Figure 3a shows the phase measurement results at 12 GHz. Figure 3b shows the absolute measurement error between the two types of measurement. The x-axis is the measured phase difference from the CDA, whereas the y-axis is the result obtained from the optical spectrum analysis. The red curve represents the reference phase curve measured by the CDA. The error bars show the phase measurement variation range of the CDA. The measured data points located near the reference curve were considered more accurate. The absolute measurement error was smaller than 4$°$.

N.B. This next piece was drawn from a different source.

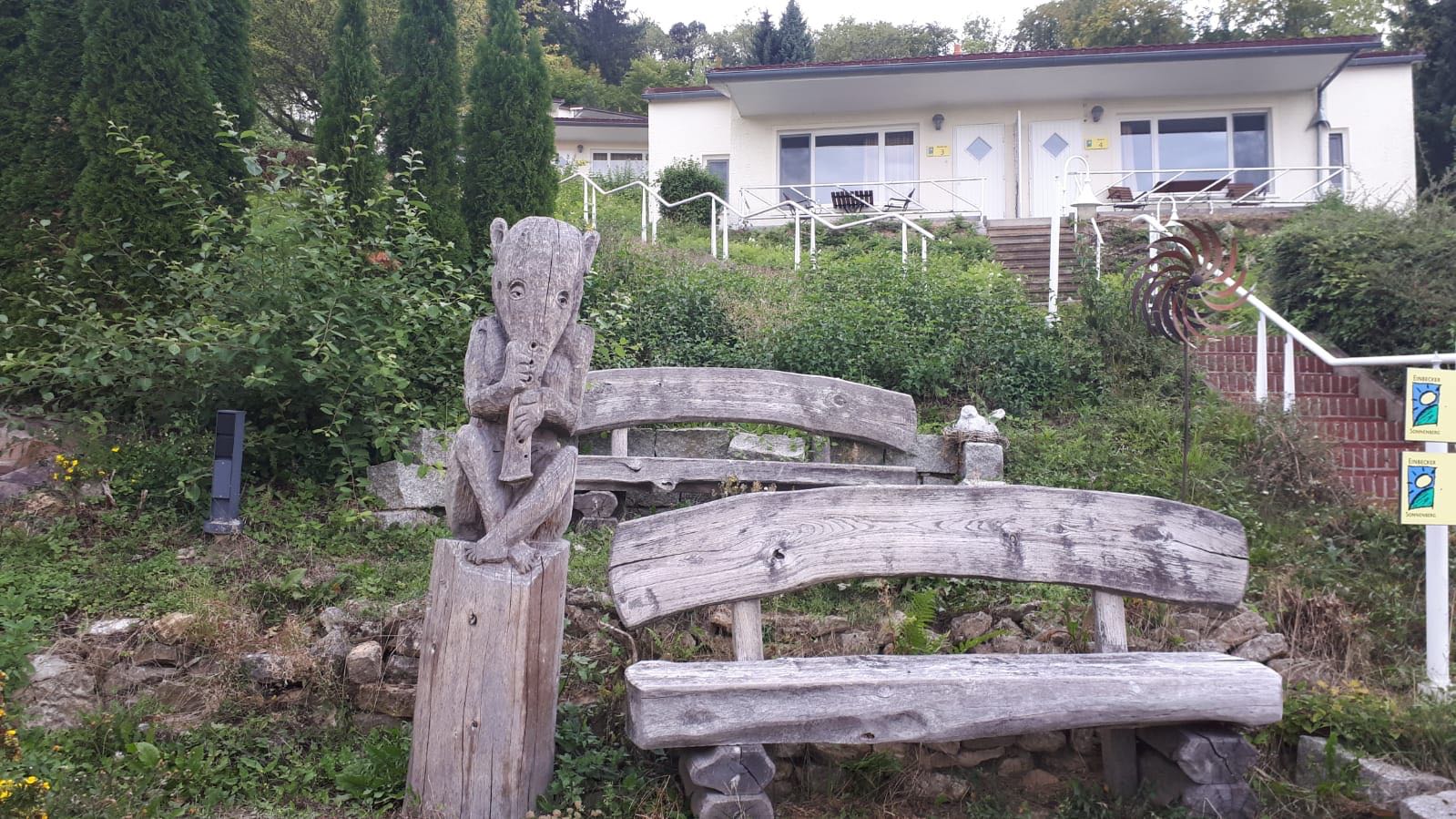 Haus mit Holzfassade, Einbecker Sonnenberg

Measurements were conducted at different frequencies to confirm the measurement stability by changing the frequency of the modulating signal. The phase difference measurement results at 12.5 GHz are shown in Figure 4a. Figure 4b shows that the absolute measurement error was suppressed under 7$°$. The absolute measured error between the results from the CDA and the results from the MZM is larger than the error under 12 GHz.

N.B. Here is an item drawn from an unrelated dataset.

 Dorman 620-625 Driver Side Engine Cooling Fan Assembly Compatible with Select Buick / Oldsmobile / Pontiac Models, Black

Following the same procedure, an experiment under 13 GHz was also conducted. Figure 5a shows the phase measurement results, whereas the absolute error is shown in Figure 5b. A comparison of the three different measurements is presented in

Table 1. Relationship between modulating frequency and absolute error.

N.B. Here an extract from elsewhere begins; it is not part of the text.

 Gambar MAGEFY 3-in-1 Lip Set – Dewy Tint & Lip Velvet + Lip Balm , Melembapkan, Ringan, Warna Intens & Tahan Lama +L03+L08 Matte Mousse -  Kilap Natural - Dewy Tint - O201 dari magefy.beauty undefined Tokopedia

Modulating Frequency	Absolute Error	Absolute Error (Time Domain)
12 GHz	<4$°$	<0.93 ps
12.5 GHz	<7$°$	<1.56 ps
13 GHz	<5$°$	<1.07 ps

.

Table 1 shows that the absolute measurement error was less than 10 degrees in the three groups of measurements. The measurement error under 12.5 GHz is larger than that of the other two groups of measurements. There are several possible explanations for this finding. First, the instant bias phase and RF phase difference were calculated from the sideband intensity. The output power measured by the optical spectrum analyzer occupied the dominant position in whole measurement. Thus, the fluctuation induced by the optical spectrum analyzer cannot be neglected. This problem can be solved by applying the average value of the sideband intensity for the calculation. The stability of the laser diode should also be considered here. However, the grid TLS used in this experiment provided the relatively stable output. The wavelength stability is $\pm$2.4 pm under 1550 nm, and the variation of optical output level is $\pm 0.03$ dB [12]. The effect of minor fluctuations from the laser diode could be neglected in the measurement. Furthermore, the variation of the phase measured by the CDA would be $\pm 6°$. (The discussion can be found in Appendix B) Thus, the reference value may not be sufficiently precise.

In this experiment, the testing instrument used was only adapted for low frequencies, and the sampling speed of the optical spectrum analyzer was relatively low. However, the overall measurement error was successfully suppressed below 10 degrees, allowing several picosecond-level accuracies to be achieved.

4. Conclusions

In this study, a phase difference measurement of the MZM using optical spectrum analysis is proposed. Through characterization of the MZM, the working parameters of the MZM can be identified, allowing the instant bias phase and skew change to be calculated from the sideband component of the optical output. The phase measurement method was experimentally demonstrated. The measurement of the bias phase and RF phase indicates that this method has sufficient tolerance for bias fluctuation. A cross-domain analyzer was used as a reference to confirm the accuracy of the phase measurement. The absolute measurement error was smaller than 10$°$ during the test, providing a precise measurement in which the error was smaller than 2.3 ps in the time domain. This technique is expected to be useful for radio-over-fiber-based antenna array systems.